A major benefit from the integration of the titrimetric and off-gas analysis methods is that the acid-base buffering systems, in particular the bicarbonate system, can be properly accounted for. The TOGA methodology offers a new technique for interpreting HPR and CTR data. The integration of the two signals leads to a new relationship, whereby the measured data is grouped into a single variable (HPR*), which is correlated with the biological carbon dioxide production rate. In this way, the influence of the bicarbonate buffering system on the measured signals is removed, without requiring knowledge of the CO2 liquid /gas transfer coefficient. Experimental data resulting from the TOGA sensor was used to show that traditional methods for interpreting HPR data have a number of limitations, including that it is dangerous to assume constant contribution to HPR from CO2 transfer.
Experimental data resulting from the TOGA sensor in aerobic and anaerobic conditions demonstrates the potential application of the new sensor. The TOGA sensor was used to investigate the utilisation of external carbon in aerobic conditions by a mixed activated sludge culture. As expected, it was found that external carbon was utilised for both biomass growth and the formation of storage polymers. It was shown that the TOGA signals could be used to determine the rates of the two processes without requiring off-line laboratory analysis. This was achieved by developing and then identifying a general model describing external carbon utilisation under aerobic conditions. Simulation of the model showed that for the system studied, in which acetic acid was used as the carbon substrate, the majority of carbon was utilised for storage polymer formation. The simulation results compared very well with off-line measurement of acetic acid, ammonium and storage polymer (poly-β-hydroxybutyrate (PHB)).
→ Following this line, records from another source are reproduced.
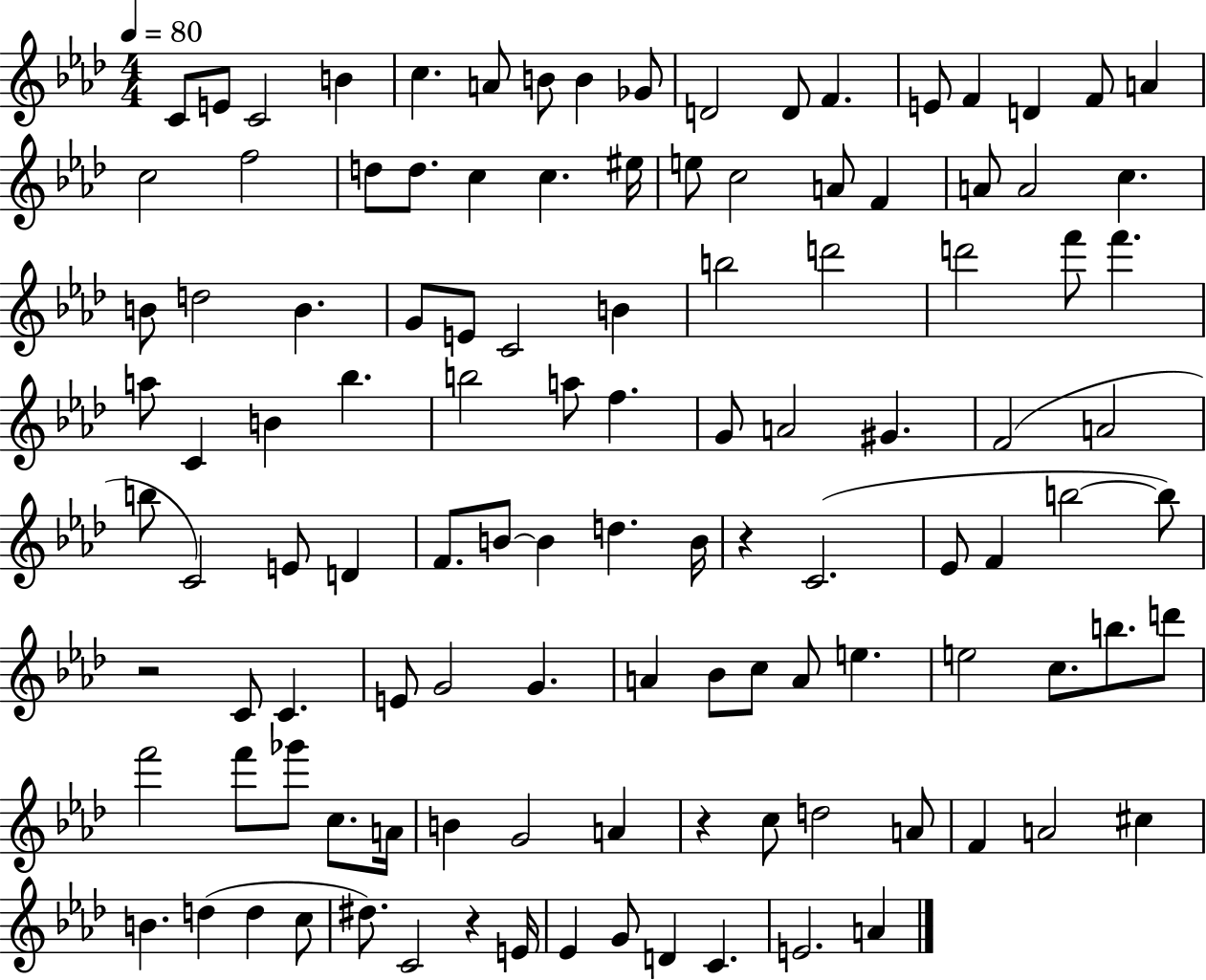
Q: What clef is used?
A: treble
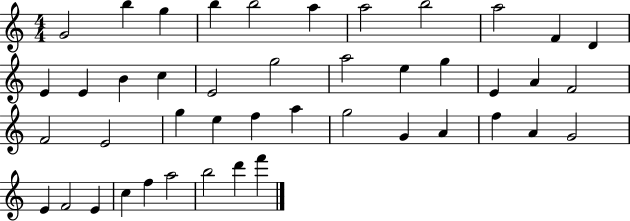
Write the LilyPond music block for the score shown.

{
  \clef treble
  \numericTimeSignature
  \time 4/4
  \key c \major
  g'2 b''4 g''4 | b''4 b''2 a''4 | a''2 b''2 | a''2 f'4 d'4 | \break e'4 e'4 b'4 c''4 | e'2 g''2 | a''2 e''4 g''4 | e'4 a'4 f'2 | \break f'2 e'2 | g''4 e''4 f''4 a''4 | g''2 g'4 a'4 | f''4 a'4 g'2 | \break e'4 f'2 e'4 | c''4 f''4 a''2 | b''2 d'''4 f'''4 | \bar "|."
}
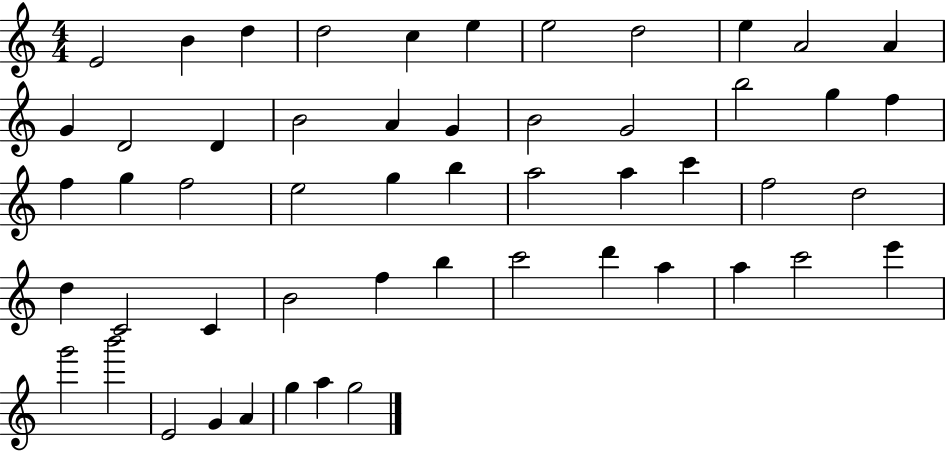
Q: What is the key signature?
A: C major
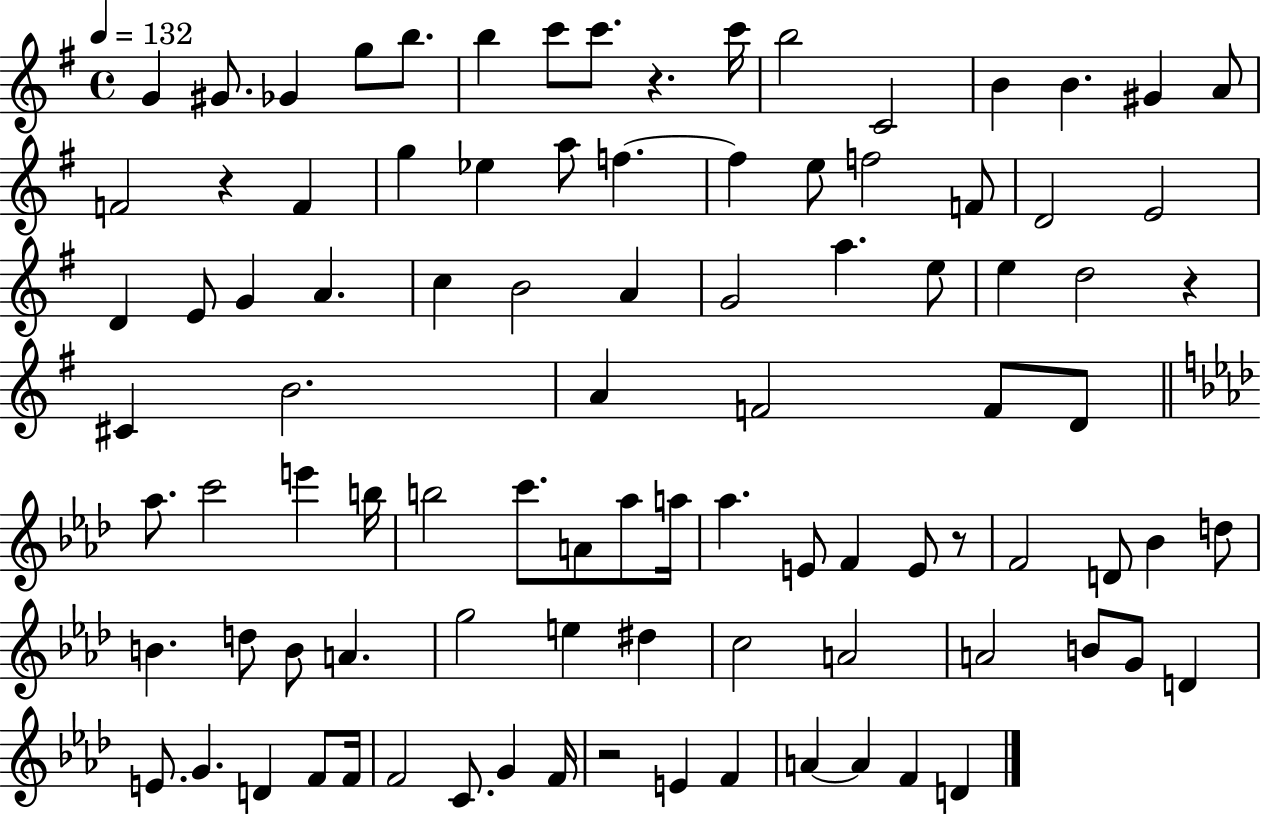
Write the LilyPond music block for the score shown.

{
  \clef treble
  \time 4/4
  \defaultTimeSignature
  \key g \major
  \tempo 4 = 132
  g'4 gis'8. ges'4 g''8 b''8. | b''4 c'''8 c'''8. r4. c'''16 | b''2 c'2 | b'4 b'4. gis'4 a'8 | \break f'2 r4 f'4 | g''4 ees''4 a''8 f''4.~~ | f''4 e''8 f''2 f'8 | d'2 e'2 | \break d'4 e'8 g'4 a'4. | c''4 b'2 a'4 | g'2 a''4. e''8 | e''4 d''2 r4 | \break cis'4 b'2. | a'4 f'2 f'8 d'8 | \bar "||" \break \key f \minor aes''8. c'''2 e'''4 b''16 | b''2 c'''8. a'8 aes''8 a''16 | aes''4. e'8 f'4 e'8 r8 | f'2 d'8 bes'4 d''8 | \break b'4. d''8 b'8 a'4. | g''2 e''4 dis''4 | c''2 a'2 | a'2 b'8 g'8 d'4 | \break e'8. g'4. d'4 f'8 f'16 | f'2 c'8. g'4 f'16 | r2 e'4 f'4 | a'4~~ a'4 f'4 d'4 | \break \bar "|."
}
The sensor was also used to study the behaviour of glycogen accumulating organisms (GAOs). Under aerobic conditions, the TOGA data, coupled with an established model describing the metabolism of GAOs, was used to quantify the rates of biomass growth and glycogen replenishment. Simulation of the identified model showed that the majority of substrate (poly-hydroxyalkanoate (PHA)) was used for glycogen replenishment. The simulation results compared well with off-line measurement of ammonium, glycogen and PHA concentrations. The semi-continuous nature of the TOGA data allowed investigation into the kinetics of these processes. It was found that Monod kinetics, with a high affinity constant, could adequately describe PHA degradation by GAOs in the system studied here.
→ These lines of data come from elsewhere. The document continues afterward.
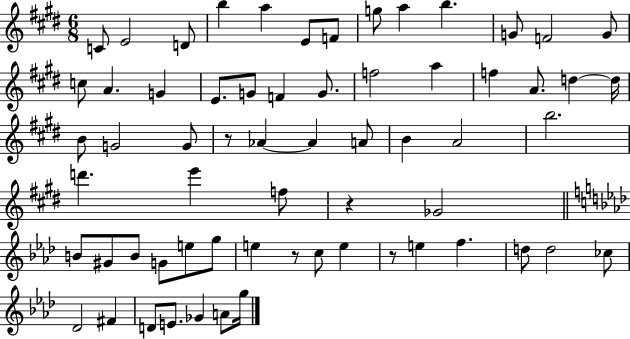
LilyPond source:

{
  \clef treble
  \numericTimeSignature
  \time 6/8
  \key e \major
  \repeat volta 2 { c'8 e'2 d'8 | b''4 a''4 e'8 f'8 | g''8 a''4 b''4. | g'8 f'2 g'8 | \break c''8 a'4. g'4 | e'8. g'8 f'4 g'8. | f''2 a''4 | f''4 a'8. d''4~~ d''16 | \break b'8 g'2 g'8 | r8 aes'4~~ aes'4 a'8 | b'4 a'2 | b''2. | \break d'''4. e'''4 f''8 | r4 ges'2 | \bar "||" \break \key f \minor b'8 gis'8 b'8 g'8 e''8 g''8 | e''4 r8 c''8 e''4 | r8 e''4 f''4. | d''8 d''2 ces''8 | \break des'2 fis'4 | d'8 e'8. ges'4 a'8 g''16 | } \bar "|."
}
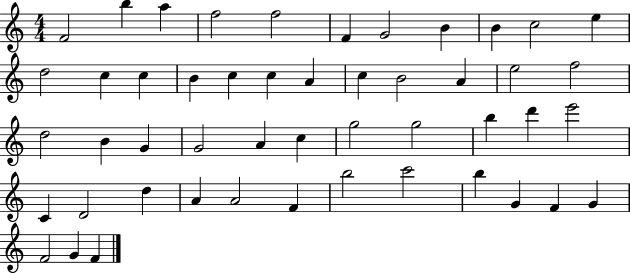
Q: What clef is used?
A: treble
In anaerobic conditions the TOGA sensor was also demonstrated as a powerful tool for the examination of GAOs. An identifiability study revealed that the TOGA data could be used to fully identify a recently developed model describing the metabolism of GAOs in anaerobic conditions. In a case study, it was found that the TOGA data contained sufficient information for the identification of the energy requirement for substrate transport, the maximum rate of substrate removal and the affinity constant with respect to acetate. Also, it was concluded that the data could be useful for the quantification of the maintenance coefficient, provided a sufficiently long experiment is conducted.
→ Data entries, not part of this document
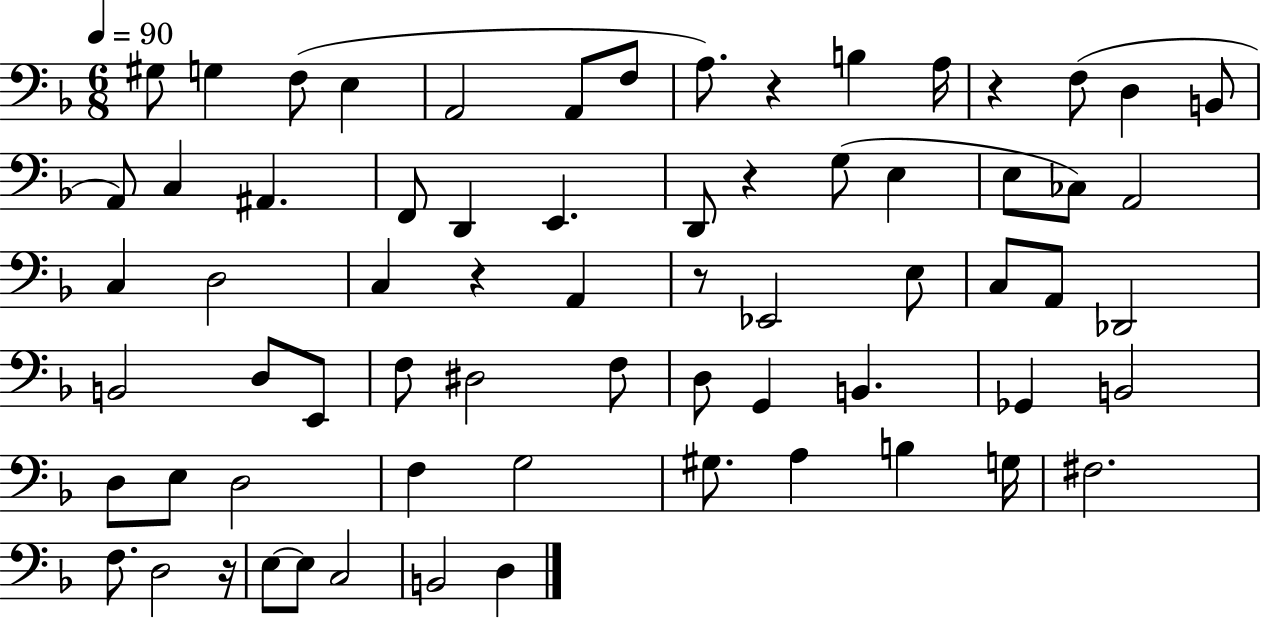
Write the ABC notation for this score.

X:1
T:Untitled
M:6/8
L:1/4
K:F
^G,/2 G, F,/2 E, A,,2 A,,/2 F,/2 A,/2 z B, A,/4 z F,/2 D, B,,/2 A,,/2 C, ^A,, F,,/2 D,, E,, D,,/2 z G,/2 E, E,/2 _C,/2 A,,2 C, D,2 C, z A,, z/2 _E,,2 E,/2 C,/2 A,,/2 _D,,2 B,,2 D,/2 E,,/2 F,/2 ^D,2 F,/2 D,/2 G,, B,, _G,, B,,2 D,/2 E,/2 D,2 F, G,2 ^G,/2 A, B, G,/4 ^F,2 F,/2 D,2 z/4 E,/2 E,/2 C,2 B,,2 D,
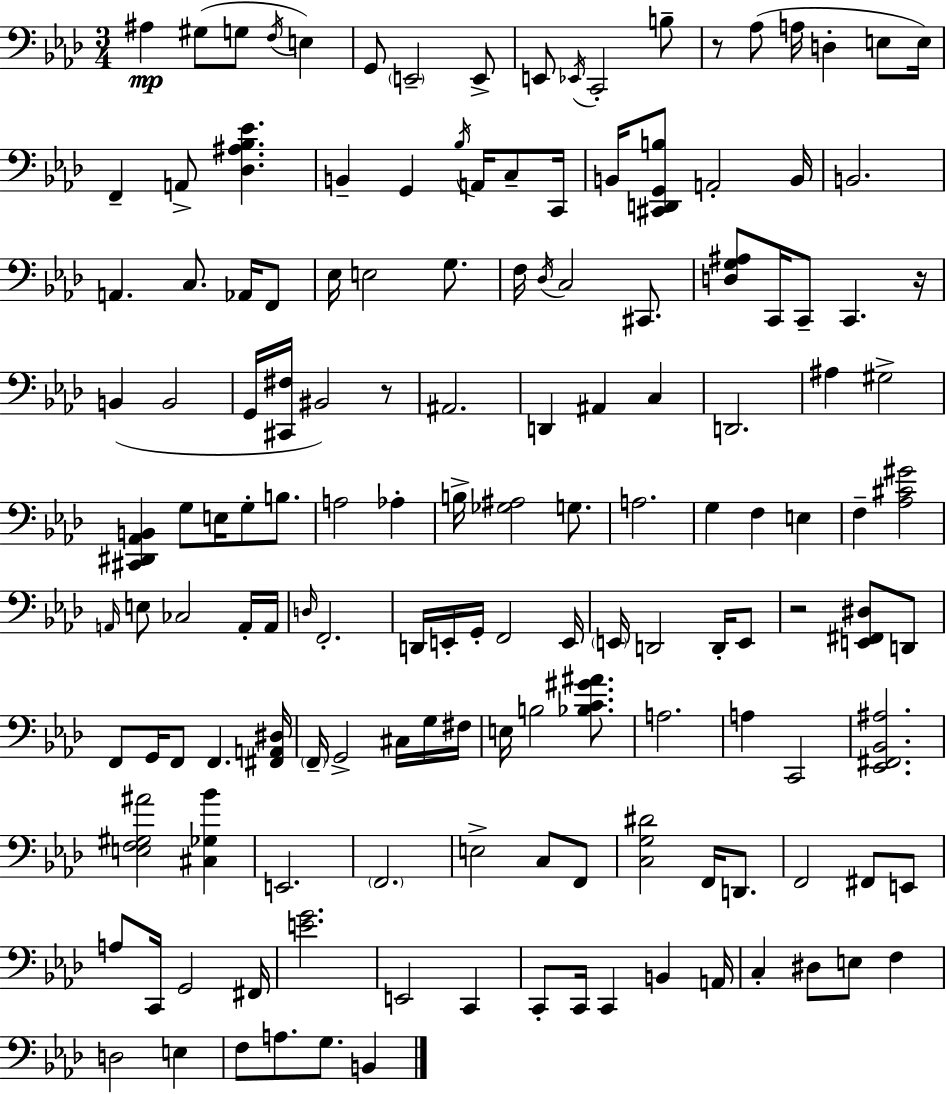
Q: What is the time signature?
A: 3/4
Additionally, the TOGA sensor was used to examine the two-step nitrification process, consisting of ammonia oxidation to nitrite and nitrite oxidation to nitrate. The sensor is particularly valuable for the study of these systems as the signals can be used to clearly differentiate between ammonia oxidation and nitrate production. It was shown (by comparison with off-line analysis) that the sensor is capable of accurately quantifying the rates of ammonia removal, nitrite accumulation and nitrate production in both activated sludge and biofilm systems. Furthermore, the set-up is such that the sensor can be used to examine the effect of operational parameters (e.g. pH and DO) on the reaction rates. For the biofilm system studied it was found that nitrite accumulation was favoured in high pH, low DO systems.
Overall, the thesis presents the development of the novel TOGA sensor for the study of biological wastewater treatment systems. The application of the sensor, in both aerobic and anaerobic conditions, shows that the TOGA sensor is a highly valuable tool for the detailed examination of biodegradation processes. It is therefore hoped that the outcome of this work will foster more efficient and accurate research into these complex and highly important biotechnology processes.